What can we learn from contagion statistics and why should we care?
My interest in that question began at the age of 9 years. My folks traveled each year to their parents’ homes, 530 miles away. There were few Interstates back then, so the drive took 13 hours. No matter how many games like “I see something that sees me” my mother started, there were many boring hours. During one of these I discovered the maps in the car’s compartment. They not only indexed the towns we traveled through, they also provided populations. I tried to imagine what a town would look like from its population and map characteristics.
The next year, I got an almanac for my birthday. Like other boys my age learned baseball statistics, I started learning the populations and areas of cities I had never seen. A few years later, the new census came out and all the populations changed. Far from discouraging my interest, the changes taught me about growth and decline. In fact, the major discovery in my half century of research into human development had to do with the growth and decline of human practices that people learn from each other.
I have never been to Wuhan China nor known anyone who has. But a few folks from Wuhan China changed the lives of everyone in our hometown—not intentionally, of course, but nevertheless powerfully. Their virus is now our virus and it gives a horrifyingly concrete representation of a phenomenon that I have studied and published research articles on, called memetics.
People think of memes as cute little sayings or marketing ploys. They are much more than that. To understand how much more, we need to know what they are, how complex they are, and how fast they spread.

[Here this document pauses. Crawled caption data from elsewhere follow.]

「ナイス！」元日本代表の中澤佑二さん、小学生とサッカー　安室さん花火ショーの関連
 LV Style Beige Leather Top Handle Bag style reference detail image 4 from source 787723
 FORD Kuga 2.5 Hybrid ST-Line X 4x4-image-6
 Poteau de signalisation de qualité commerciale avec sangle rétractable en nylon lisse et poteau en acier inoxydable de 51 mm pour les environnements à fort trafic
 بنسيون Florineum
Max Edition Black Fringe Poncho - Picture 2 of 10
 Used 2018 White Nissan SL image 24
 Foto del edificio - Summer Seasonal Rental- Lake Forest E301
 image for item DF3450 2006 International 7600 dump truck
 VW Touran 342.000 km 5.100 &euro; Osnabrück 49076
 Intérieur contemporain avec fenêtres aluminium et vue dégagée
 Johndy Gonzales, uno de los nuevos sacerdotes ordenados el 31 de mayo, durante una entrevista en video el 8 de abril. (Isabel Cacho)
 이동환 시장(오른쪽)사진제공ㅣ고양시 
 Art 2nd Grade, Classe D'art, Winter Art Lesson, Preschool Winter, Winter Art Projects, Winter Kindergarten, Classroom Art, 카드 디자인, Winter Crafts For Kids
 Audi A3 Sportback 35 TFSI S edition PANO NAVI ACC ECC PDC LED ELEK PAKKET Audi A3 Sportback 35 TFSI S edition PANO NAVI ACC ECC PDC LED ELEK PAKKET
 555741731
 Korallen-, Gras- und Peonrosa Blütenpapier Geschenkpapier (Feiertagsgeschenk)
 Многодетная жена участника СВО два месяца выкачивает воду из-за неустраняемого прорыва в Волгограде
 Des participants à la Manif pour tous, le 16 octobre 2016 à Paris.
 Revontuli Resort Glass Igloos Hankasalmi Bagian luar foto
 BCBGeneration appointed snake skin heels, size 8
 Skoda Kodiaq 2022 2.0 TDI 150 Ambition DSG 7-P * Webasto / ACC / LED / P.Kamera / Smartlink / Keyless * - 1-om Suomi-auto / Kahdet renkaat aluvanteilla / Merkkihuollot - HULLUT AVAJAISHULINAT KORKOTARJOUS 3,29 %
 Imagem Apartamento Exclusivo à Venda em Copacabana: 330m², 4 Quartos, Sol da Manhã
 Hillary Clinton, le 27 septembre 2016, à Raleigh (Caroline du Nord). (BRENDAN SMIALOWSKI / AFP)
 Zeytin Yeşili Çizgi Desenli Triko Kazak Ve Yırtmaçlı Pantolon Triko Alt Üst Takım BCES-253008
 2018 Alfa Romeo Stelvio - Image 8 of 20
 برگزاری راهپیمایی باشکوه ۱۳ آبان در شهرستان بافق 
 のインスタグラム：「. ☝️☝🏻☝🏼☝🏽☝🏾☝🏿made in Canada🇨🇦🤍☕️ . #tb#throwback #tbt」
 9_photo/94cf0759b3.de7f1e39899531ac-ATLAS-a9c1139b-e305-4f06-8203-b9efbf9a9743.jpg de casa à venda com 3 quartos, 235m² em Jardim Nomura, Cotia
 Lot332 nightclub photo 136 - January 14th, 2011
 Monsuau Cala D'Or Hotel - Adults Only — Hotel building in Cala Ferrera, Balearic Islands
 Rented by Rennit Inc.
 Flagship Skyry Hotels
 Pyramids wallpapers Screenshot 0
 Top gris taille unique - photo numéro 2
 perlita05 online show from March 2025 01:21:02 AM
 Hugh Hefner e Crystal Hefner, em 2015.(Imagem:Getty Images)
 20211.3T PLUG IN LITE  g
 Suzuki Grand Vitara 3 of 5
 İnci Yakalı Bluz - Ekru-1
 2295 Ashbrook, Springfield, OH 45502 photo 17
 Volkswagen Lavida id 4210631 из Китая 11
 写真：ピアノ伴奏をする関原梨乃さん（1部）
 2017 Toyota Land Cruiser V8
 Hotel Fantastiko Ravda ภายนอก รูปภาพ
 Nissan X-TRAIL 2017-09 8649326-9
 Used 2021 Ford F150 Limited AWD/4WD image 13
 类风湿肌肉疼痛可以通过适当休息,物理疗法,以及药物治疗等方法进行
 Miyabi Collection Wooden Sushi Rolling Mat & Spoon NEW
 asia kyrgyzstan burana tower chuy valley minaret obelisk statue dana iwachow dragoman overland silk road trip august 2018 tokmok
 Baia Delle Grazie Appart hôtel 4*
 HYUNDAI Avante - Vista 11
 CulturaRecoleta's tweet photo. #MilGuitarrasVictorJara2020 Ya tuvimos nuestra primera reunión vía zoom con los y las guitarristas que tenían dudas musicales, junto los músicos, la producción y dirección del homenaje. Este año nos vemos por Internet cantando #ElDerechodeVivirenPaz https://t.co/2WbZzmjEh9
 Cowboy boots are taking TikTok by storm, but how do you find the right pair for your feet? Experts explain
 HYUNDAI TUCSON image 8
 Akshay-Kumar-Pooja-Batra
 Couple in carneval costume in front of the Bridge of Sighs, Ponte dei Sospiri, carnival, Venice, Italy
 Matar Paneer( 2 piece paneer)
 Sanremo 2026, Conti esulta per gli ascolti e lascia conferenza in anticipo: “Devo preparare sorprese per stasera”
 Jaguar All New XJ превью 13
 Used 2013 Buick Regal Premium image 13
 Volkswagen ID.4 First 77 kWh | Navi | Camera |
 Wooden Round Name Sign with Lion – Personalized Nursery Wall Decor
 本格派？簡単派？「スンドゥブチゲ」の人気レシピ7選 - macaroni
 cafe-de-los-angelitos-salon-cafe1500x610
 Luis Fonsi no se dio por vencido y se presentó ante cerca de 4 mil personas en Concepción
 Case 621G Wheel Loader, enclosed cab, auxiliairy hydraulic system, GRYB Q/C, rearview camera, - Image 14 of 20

Any practice that spreads from one person to another in a contagious manner is a meme. You may have watched in our Art Center how a standing ovation spreads in the auditorium. That is a meme. You may have noticed in our supermarkets how some people load toilet paper, hand wipes, or eggs into their carts. Those are memes.
Just like the volume of a flu virus can be a thousand times larger than that of a polio virus, memes range greatly in complexity. We build them up, from drawing a bow over a string to playing a violin concerto.
The COVID-19 virus spread across the world from Wuhan in just a matter of months. If each person with COVID-19 infected 2 or 3 others (as a British study found to be typical), it would take a sequence 15 or 20 people long to reach all the people already infected in the world (adding just another series 10-people-long would reach everyone in the world). Since it took six months to spread this far, each month there must have had a sequence of 3 persons, one infecting the next, to create the havoc we see today. Unless we slow it down, it will only take a few more months to infect everyone in the world.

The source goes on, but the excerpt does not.